# Get RAW data

## Modules

In [1]:
import requests
import json

We will use the "Wikipedia Table API" to extract data from Wikipedia web page where all the episodes of The Simpsons are listed.

Reference:
- https://www.wikitable2json.com/
- https://github.com/atye/wikitable2json/

Wikipedia pages
- https://en.wikipedia.org/wiki/List_of_The_Simpsons_episodes_(seasons_1%E2%80%9320)
- https://en.wikipedia.org/wiki/List_of_The_Simpsons_episodes_(season_21%E2%80%93present)

Wikipedia store information of episodes of each serie in one table. We have to exclude the first table of each page because it is a sort of index.

Consider that the API use 0-index enumeration of the table, so we have to use table=1 parameter to get the second table and so on.

https://www.wikitable2json.com/api/List_of_The_Simpsons_episodes_(seasons_1%E2%80%9320)?table=1&&keyRows=1&lang=en


In [2]:
url1='https://www.wikitable2json.com/api/List_of_The_Simpsons_episodes_(seasons_1%E2%80%9320)'
url2='https://www.wikitable2json.com/api/List_of_The_Simpsons_episodes_(season_21%E2%80%93present)'
payload = {'Rows': 1, 'lang': 'en', 'table': 1}
print("Parameters: ",payload)

Parameters:  {'Rows': 1, 'lang': 'en', 'table': 1}


In [3]:
destination_folder='01.Raw data'
destination_filename_prefix='Episodes_RAW_S'

## Download of episodes

### Part one

In [4]:
for x in range(1, 20):    
    # Update parameters
    payload.update({"table": x})
    print(payload)
    
    # Calculate destination file path
    destination_filepath=destination_folder+'/'+destination_filename_prefix+str(x).zfill(2)+'.json'
    
    # Request of API response
    resp = requests.get(url1, payload)
    print("Season %d: %d" % (x,resp.status_code))
    
    # Read response and transform it to JSON
    data = resp.json()
    
    # Write to file
    with open(destination_filepath, 'w', encoding='utf-8') as f:
        json.dump(data, f, ensure_ascii=False, indent=4)
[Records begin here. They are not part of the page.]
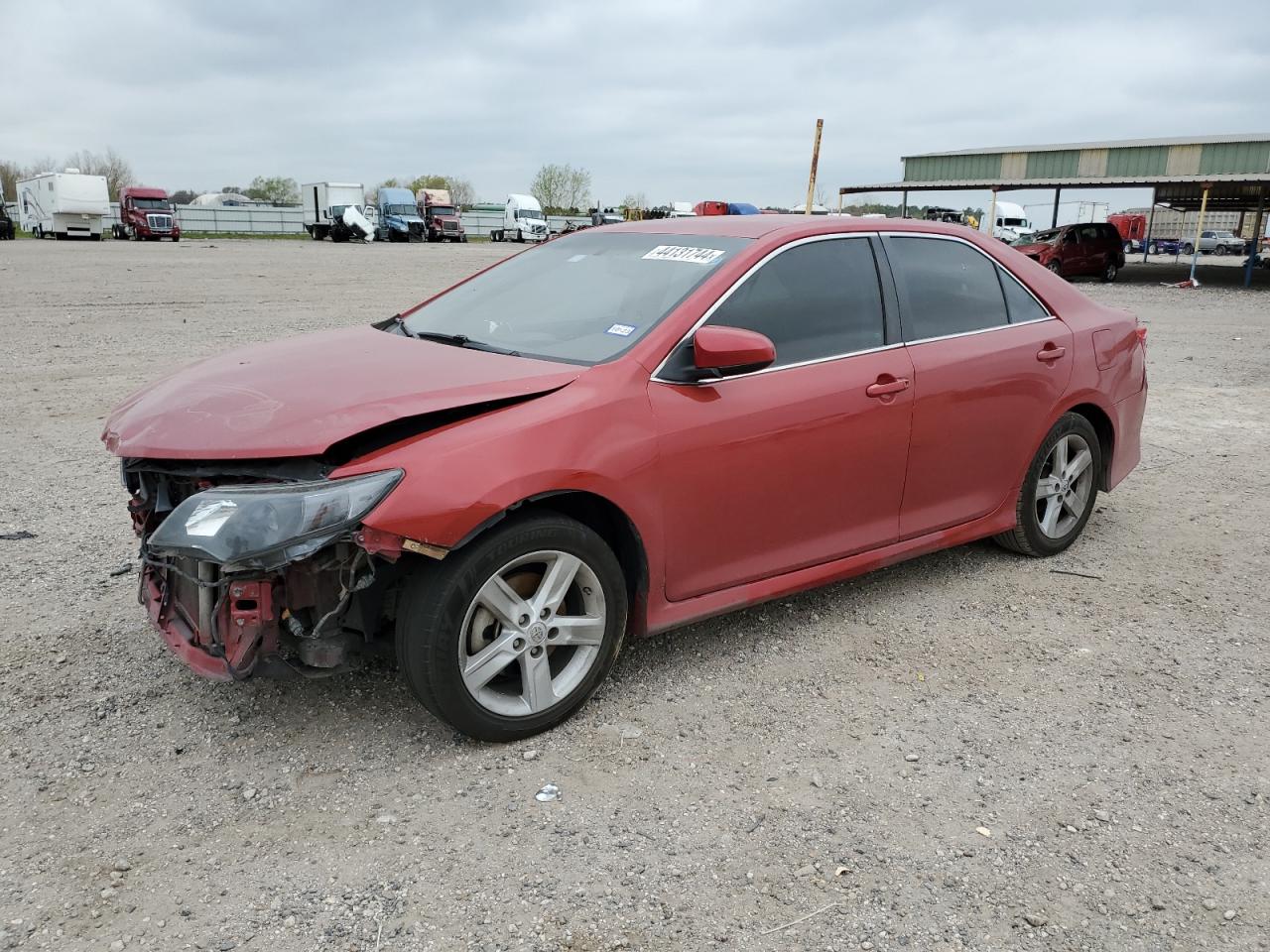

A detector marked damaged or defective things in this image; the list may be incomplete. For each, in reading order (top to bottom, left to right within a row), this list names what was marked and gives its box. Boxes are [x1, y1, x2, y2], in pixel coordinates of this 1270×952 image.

broken headlight [143, 466, 401, 563]
damaged red sedan [104, 214, 1143, 738]
wrecked vehicle [104, 217, 1143, 746]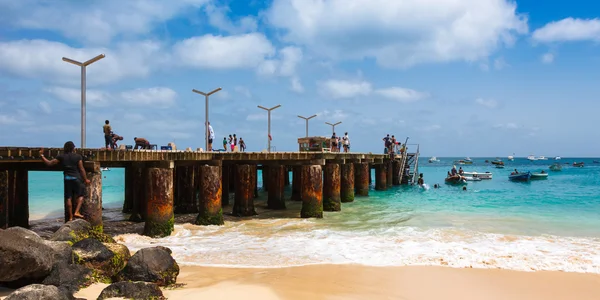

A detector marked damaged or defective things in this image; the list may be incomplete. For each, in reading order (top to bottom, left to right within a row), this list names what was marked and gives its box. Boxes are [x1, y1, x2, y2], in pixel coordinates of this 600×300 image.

rusty concrete pillar [6, 169, 29, 227]
rusty concrete pillar [80, 162, 102, 230]
rusty concrete pillar [128, 162, 146, 223]
rusty concrete pillar [144, 163, 175, 238]
rusty concrete pillar [175, 165, 198, 214]
rusty concrete pillar [196, 166, 224, 225]
rusty concrete pillar [231, 165, 256, 217]
rusty concrete pillar [268, 165, 286, 210]
rusty concrete pillar [300, 166, 324, 218]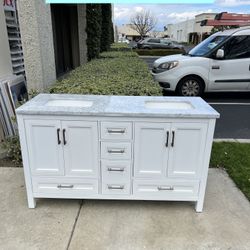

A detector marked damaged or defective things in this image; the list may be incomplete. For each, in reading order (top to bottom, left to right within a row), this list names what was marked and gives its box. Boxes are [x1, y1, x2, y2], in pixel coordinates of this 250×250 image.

sidewalk crack [66, 199, 83, 250]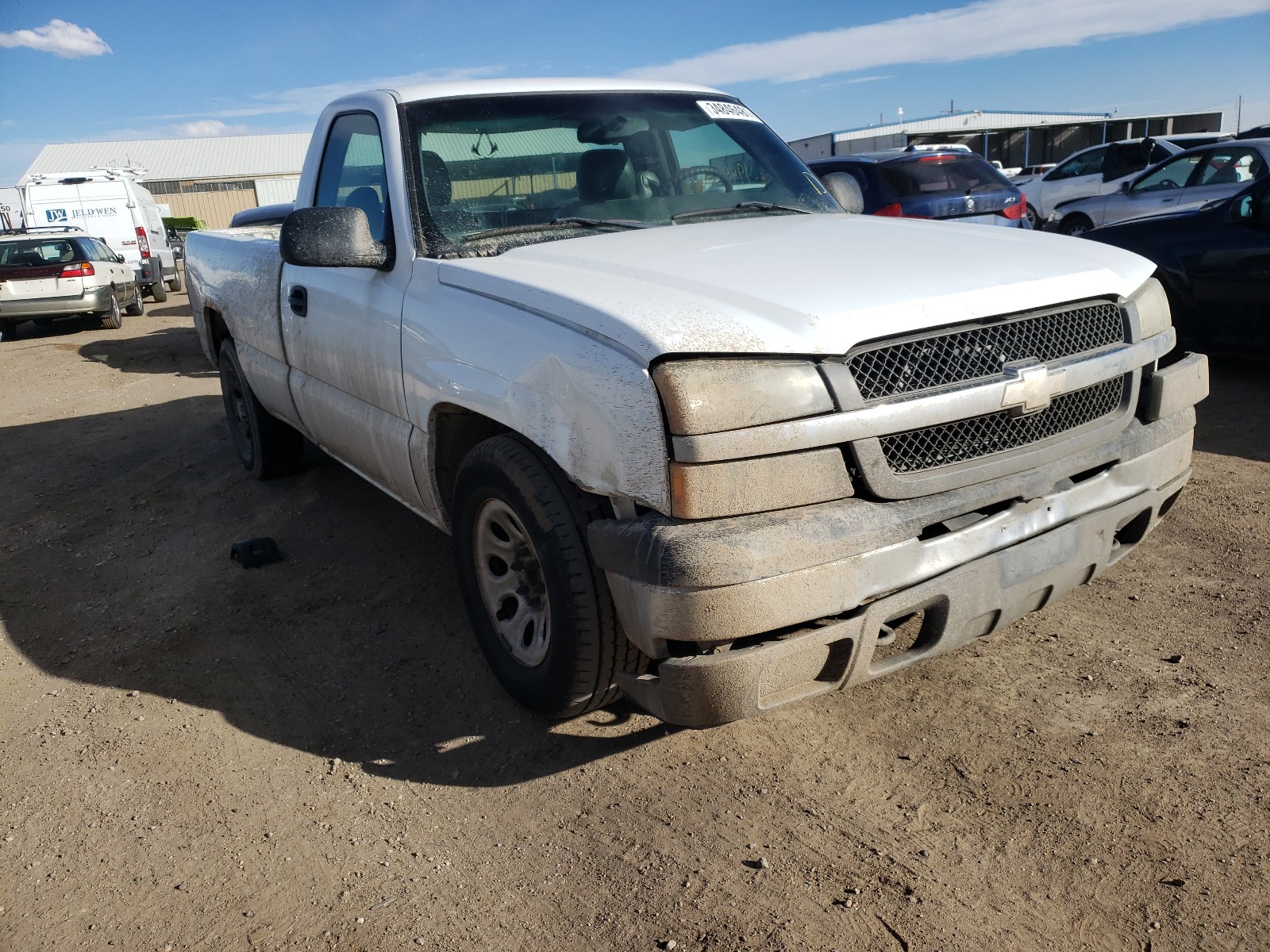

{'Rows': 1, 'lang': 'en', 'table': 1}
Season 1: 200
{'Rows': 1, 'lang': 'en', 'table': 2}
Season 2: 200
{'Rows': 1, 'lang': 'en', 'table': 3}
Season 3: 200
{'Rows': 1, 'lang': 'en', 'table': 4}
Season 4: 200
{'Rows': 1, 'lang': 'en', 'table': 5}
Season 5: 200
{'Rows': 1, 'lang': 'en', 'table': 6}
Season 6: 200
{'Rows': 1, 'lang': 'en', 'table': 7}
Season 7: 200
{'Rows': 1, 'lang': 'en', 'table': 8}
Season 8: 200
{'Rows': 1, 'lang': 'en', 'table': 9}
Season 9: 200
{'Rows': 1, 'lang': 'en', 'table': 10}
Season 10: 200
{'Rows': 1, 'lang': 'en', 'table': 11}
Season 11: 200
{'Rows': 1, 'lang': 'en', 'table': 12}
Season 12: 200
{'Rows': 1, 'lang': 'en', 'table': 13}
Season 13: 200
{'Rows': 1, 'lang': 'en', 'table': 14}
Season 14: 200
{'Rows': 1, 'lang': 'en', 'table': 15}
Season 15: 200
{'Rows': 1, 'lang': 'en', 'table': 16}
Season 16: 200
{'Rows': 1, 'lang': 'en', 'table': 17}
Season 17: 200
{'Rows': 1, 'lang': 'en', 'table': 18}
Season 18: 200
{'Rows': 1, 'lang': 'en', 'table': 19}
Season 

### Part two

In [5]:
# Starting season correction
n = 21

for x in [1,3,4,5,6,8,9,10,11,12,13,14,15,16]:
    # Update parameters
    payload.update({"table": x})
    print(payload)
    
    # Calculate destination file path
    destination_filepath=destination_folder+'/'+destination_filename_prefix+str(n).zfill(2)+'.json'
    
    # Request of API response
    resp = requests.get(url2, payload)
    print("Season %d: %d" % (n,resp.status_code))
    
    # Read response and transform it to JSON
    data = resp.json()
    
    # Write to file
    with open(destination_filepath, 'w', encoding='utf-8') as f:
        json.dump(data, f, ensure_ascii=False, indent=4)
        
    # Increment season counter
    n=n+1
        
        

{'Rows': 1, 'lang': 'en', 'table': 1}
Season 21: 200
{'Rows': 1, 'lang': 'en', 'table': 3}
Season 22: 200
{'Rows': 1, 'lang': 'en', 'table': 4}
Season 23: 200
{'Rows': 1, 'lang': 'en', 'table': 5}
Season 24: 200
{'Rows': 1, 'lang': 'en', 'table': 6}
Season 25: 200
{'Rows': 1, 'lang': 'en', 'table': 8}
Season 26: 200
{'Rows': 1, 'lang': 'en', 'table': 9}
Season 27: 200
{'Rows': 1, 'lang': 'en', 'table': 10}
Season 28: 200
{'Rows': 1, 'lang': 'en', 'table': 11}
Season 29: 200
{'Rows': 1, 'lang': 'en', 'table': 12}
Season 30: 200
{'Rows': 1, 'lang': 'en', 'table': 13}
Season 31: 200
{'Rows': 1, 'lang': 'en', 'table': 14}
Season 32: 200
{'Rows': 1, 'lang': 'en', 'table': 15}
Season 33: 200
{'Rows': 1, 'lang': 'en', 'table': 16}
Season 34: 200